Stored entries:
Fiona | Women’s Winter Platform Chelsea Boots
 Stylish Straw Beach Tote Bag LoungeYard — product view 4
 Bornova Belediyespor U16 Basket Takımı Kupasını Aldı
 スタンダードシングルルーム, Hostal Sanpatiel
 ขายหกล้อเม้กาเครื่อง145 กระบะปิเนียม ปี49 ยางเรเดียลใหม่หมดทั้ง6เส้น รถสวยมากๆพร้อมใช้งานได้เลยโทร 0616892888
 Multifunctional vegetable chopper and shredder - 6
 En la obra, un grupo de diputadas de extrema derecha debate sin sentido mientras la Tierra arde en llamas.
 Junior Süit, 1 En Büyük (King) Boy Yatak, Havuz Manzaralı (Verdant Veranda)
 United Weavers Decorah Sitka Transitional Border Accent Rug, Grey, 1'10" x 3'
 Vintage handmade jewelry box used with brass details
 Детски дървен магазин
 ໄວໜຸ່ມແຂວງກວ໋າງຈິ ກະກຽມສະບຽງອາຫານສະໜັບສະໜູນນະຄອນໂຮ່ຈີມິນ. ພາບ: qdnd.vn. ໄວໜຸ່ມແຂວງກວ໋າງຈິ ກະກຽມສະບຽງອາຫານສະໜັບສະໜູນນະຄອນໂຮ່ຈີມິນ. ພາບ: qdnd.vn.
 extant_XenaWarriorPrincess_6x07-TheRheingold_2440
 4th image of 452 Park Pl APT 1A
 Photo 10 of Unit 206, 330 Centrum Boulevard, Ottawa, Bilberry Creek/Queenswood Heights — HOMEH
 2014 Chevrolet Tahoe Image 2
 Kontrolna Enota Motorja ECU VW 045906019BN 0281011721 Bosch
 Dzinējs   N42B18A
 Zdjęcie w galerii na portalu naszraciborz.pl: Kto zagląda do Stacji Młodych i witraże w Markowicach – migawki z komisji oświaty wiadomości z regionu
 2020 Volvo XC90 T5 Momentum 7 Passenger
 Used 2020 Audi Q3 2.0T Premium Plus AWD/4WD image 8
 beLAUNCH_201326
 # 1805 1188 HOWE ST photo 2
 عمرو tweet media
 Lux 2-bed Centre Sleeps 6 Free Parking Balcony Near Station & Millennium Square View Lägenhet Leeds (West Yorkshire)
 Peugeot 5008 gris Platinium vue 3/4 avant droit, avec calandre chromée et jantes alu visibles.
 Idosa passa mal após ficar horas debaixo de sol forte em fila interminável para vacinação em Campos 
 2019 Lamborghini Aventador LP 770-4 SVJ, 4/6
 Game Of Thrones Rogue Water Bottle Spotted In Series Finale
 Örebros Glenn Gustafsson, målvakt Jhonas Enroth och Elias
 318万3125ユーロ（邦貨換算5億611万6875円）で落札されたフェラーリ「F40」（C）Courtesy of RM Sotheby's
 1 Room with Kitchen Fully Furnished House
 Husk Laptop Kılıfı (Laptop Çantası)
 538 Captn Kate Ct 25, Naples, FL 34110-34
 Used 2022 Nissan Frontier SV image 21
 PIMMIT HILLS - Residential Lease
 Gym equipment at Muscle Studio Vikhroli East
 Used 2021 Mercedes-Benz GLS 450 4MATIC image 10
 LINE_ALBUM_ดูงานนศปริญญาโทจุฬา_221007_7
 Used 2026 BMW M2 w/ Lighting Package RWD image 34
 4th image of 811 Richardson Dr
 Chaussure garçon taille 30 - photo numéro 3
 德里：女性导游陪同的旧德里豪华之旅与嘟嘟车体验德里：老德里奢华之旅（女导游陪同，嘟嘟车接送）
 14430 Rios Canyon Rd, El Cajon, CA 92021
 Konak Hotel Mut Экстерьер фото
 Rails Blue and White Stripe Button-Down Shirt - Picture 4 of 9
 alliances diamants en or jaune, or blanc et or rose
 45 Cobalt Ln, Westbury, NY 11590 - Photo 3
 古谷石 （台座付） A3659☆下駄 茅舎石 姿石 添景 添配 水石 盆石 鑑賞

> **The problem**
For each record above, output it exactly as written.

> **Answer box**
Fiona | Women’s Winter Platform Chelsea Boots
 Stylish Straw Beach Tote Bag LoungeYard — product view 4
 Bornova Belediyespor U16 Basket Takımı Kupasını Aldı
 スタンダードシングルルーム, Hostal Sanpatiel
 ขายหกล้อเม้กาเครื่อง145 กระบะปิเนียม ปี49 ยางเรเดียลใหม่หมดทั้ง6เส้น รถสวยมากๆพร้อมใช้งานได้เลยโทร 0616892888
 Multifunctional vegetable chopper and shredder - 6
 En la obra, un grupo de diputadas de extrema derecha debate sin sentido mientras la Tierra arde en llamas.
 Junior Süit, 1 En Büyük (King) Boy Yatak, Havuz Manzaralı (Verdant Veranda)
 United Weavers Decorah Sitka Transitional Border Accent Rug, Grey, 1'10" x 3'
 Vintage handmade jewelry box used with brass details
 Детски дървен магазин
 ໄວໜຸ່ມແຂວງກວ໋າງຈິ ກະກຽມສະບຽງອາຫານສະໜັບສະໜູນນະຄອນໂຮ່ຈີມິນ. ພາບ: qdnd.vn. ໄວໜຸ່ມແຂວງກວ໋າງຈິ ກະກຽມສະບຽງອາຫານສະໜັບສະໜູນນະຄອນໂຮ່ຈີມິນ. ພາບ: qdnd.vn.
 extant_XenaWarriorPrincess_6x07-TheRheingold_2440
 4th image of 452 Park Pl APT 1A
 Photo 10 of Unit 206, 330 Centrum Boulevard, Ottawa, Bilberry Creek/Queenswood Heights — HOMEH
 2014 Chevrolet Tahoe Image 2
 Kontrolna Enota Motorja ECU VW 045906019BN 0281011721 Bosch
 Dzinējs   N42B18A
 Zdjęcie w galerii na portalu naszraciborz.pl: Kto zagląda do Stacji Młodych i witraże w Markowicach – migawki z komisji oświaty wiadomości z regionu
 2020 Volvo XC90 T5 Momentum 7 Passenger
 Used 2020 Audi Q3 2.0T Premium Plus AWD/4WD image 8
 beLAUNCH_201326
 # 1805 1188 HOWE ST photo 2
 عمرو tweet media
 Lux 2-bed Centre Sleeps 6 Free Parking Balcony Near Station & Millennium Square View Lägenhet Leeds (West Yorkshire)
 Peugeot 5008 gris Platinium vue 3/4 avant droit, avec calandre chromée et jantes alu visibles.
 Idosa passa mal após ficar horas debaixo de sol forte em fila interminável para vacinação em Campos 
 2019 Lamborghini Aventador LP 770-4 SVJ, 4/6
 Game Of Thrones Rogue Water Bottle Spotted In Series Finale
 Örebros Glenn Gustafsson, målvakt Jhonas Enroth och Elias
 318万3125ユーロ（邦貨換算5億611万6875円）で落札されたフェラーリ「F40」（C）Courtesy of RM Sotheby's
 1 Room with Kitchen Fully Furnished House
 Husk Laptop Kılıfı (Laptop Çantası)
 538 Captn Kate Ct 25, Naples, FL 34110-34
 Used 2022 Nissan Frontier SV image 21
 PIMMIT HILLS - Residential Lease
 Gym equipment at Muscle Studio Vikhroli East
 Used 2021 Mercedes-Benz GLS 450 4MATIC image 10
 LINE_ALBUM_ดูงานนศปริญญาโทจุฬา_221007_7
 Used 2026 BMW M2 w/ Lighting Package RWD image 34
 4th image of 811 Richardson Dr
 Chaussure garçon taille 30 - photo numéro 3
 德里：女性导游陪同的旧德里豪华之旅与嘟嘟车体验德里：老德里奢华之旅（女导游陪同，嘟嘟车接送）
 14430 Rios Canyon Rd, El Cajon, CA 92021
 Konak Hotel Mut Экстерьер фото
 Rails Blue and White Stripe Button-Down Shirt - Picture 4 of 9
 alliances diamants en or jaune, or blanc et or rose
 45 Cobalt Ln, Westbury, NY 11590 - Photo 3
 古谷石 （台座付） A3659☆下駄 茅舎石 姿石 添景 添配 水石 盆石 鑑賞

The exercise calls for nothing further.